N'est-il pas le moment, après la multiplication de faits divers violents et alors qu'aucune élection ne viendra polluer le débat dans les prochains mois, d'avoir une discussion sans tabou sur le sujet ? En s'abstenant de mener ce débat, les partis de gauche - au gouvernement à tous les niveaux de pouvoir en Belgique - porteront eux aussi la responsabilité d'une radicalisation de l'électorat.
Est-il normal qu'après les derniers événements à Anderlecht (la "délocalisation" d'une école, victime chronique de rackets), le seul parti à réagir soit le Vlaams Belang ?
Fuir ces questions, comme l'a fait littéralement en France le socialiste Vincent Peillon (voir ici), comme le font les partis de gauche en Belgique, c'est laisser à la droite (de plus en plus souvent extrême) le monopole du discours sur ces questions.

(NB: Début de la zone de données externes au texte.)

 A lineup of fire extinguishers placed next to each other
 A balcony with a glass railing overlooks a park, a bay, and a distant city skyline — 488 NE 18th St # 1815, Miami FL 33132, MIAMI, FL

C'est ainsi qu'on voit, en France, un faux débat sur l'identité nationale, organisé par un gouvernement qui par ailleurs fixe des quotas d'expulsions, qui vide la jungle de Calais à grand renfort de caméras, qui caricature à tour de bras avec le projet de loi sur la burqa. C'est ainsi qu'en Belgique se crée un Parti populaire, en fait populiste et prompt aux stéréotypes. Même les considérations légitimes d'un Alain Destexhe sont teintées d'une xénophobie inquiétante.
En reprenant la main sur ces questions, la gauche ferait preuve d'un courage salutaire, dont gageons qu'il qui pourrait même payer électoralement.